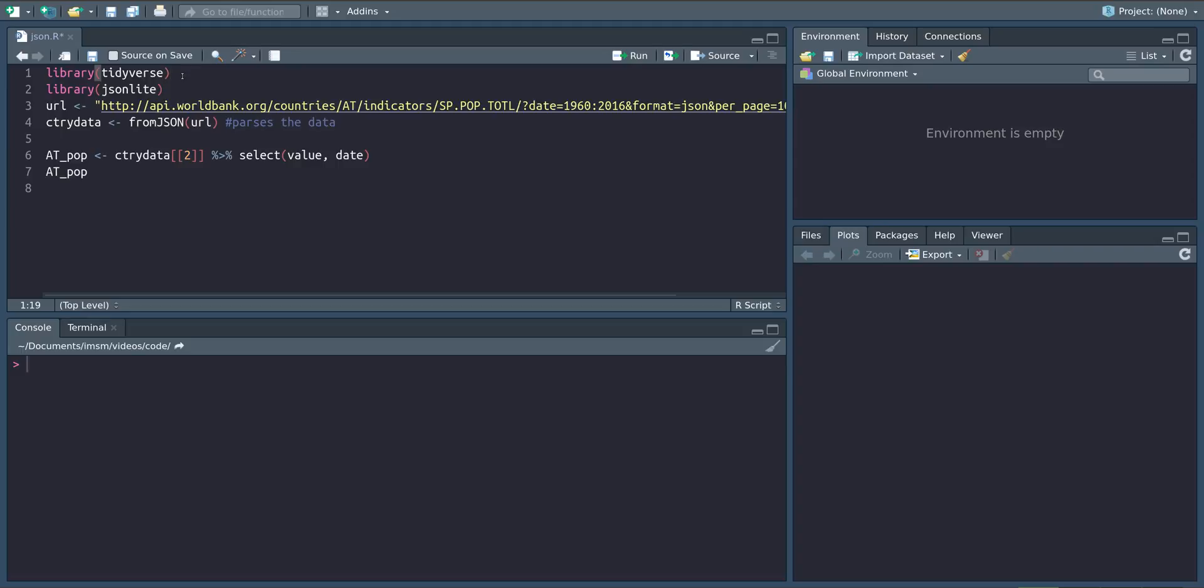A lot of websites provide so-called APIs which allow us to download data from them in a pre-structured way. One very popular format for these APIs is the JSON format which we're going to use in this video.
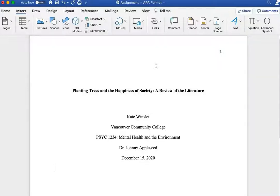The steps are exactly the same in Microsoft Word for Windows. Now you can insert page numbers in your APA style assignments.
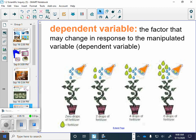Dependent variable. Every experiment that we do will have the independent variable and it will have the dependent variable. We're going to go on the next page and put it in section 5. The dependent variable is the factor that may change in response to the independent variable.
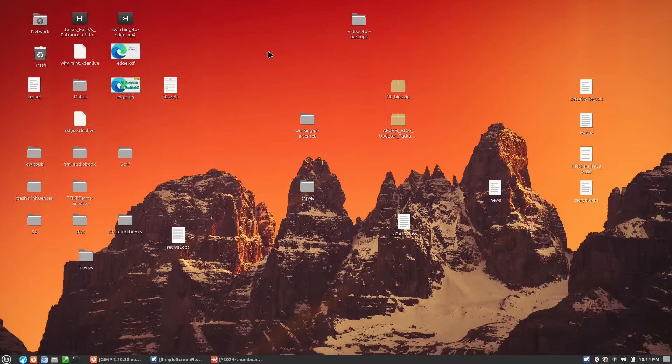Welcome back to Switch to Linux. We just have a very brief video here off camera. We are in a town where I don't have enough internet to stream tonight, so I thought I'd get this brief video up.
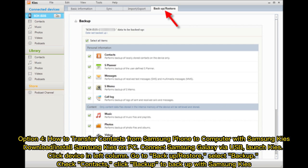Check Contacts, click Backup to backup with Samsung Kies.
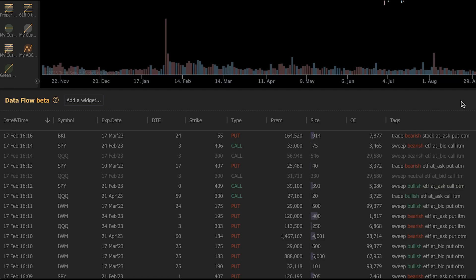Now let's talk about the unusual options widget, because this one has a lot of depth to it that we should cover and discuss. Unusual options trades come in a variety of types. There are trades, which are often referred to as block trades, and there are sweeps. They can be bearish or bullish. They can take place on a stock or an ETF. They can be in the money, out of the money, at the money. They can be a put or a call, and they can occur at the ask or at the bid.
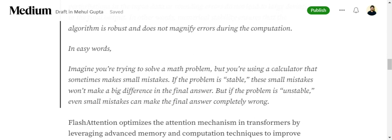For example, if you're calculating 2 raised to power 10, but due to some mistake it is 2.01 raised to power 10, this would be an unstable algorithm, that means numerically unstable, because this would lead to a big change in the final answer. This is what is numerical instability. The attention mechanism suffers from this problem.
--
In the data above, the stretch from the line with "Welcome back to" through the line with "Check Contacts, click" is to be returned exactly, minus any pictures.

Welcome back to Switch to Linux. We just have a very brief video here off camera. We are in a town where I don't have enough internet to stream tonight, so I thought I'd get this brief video up.
Check Contacts, click Backup to backup with Samsung Kies.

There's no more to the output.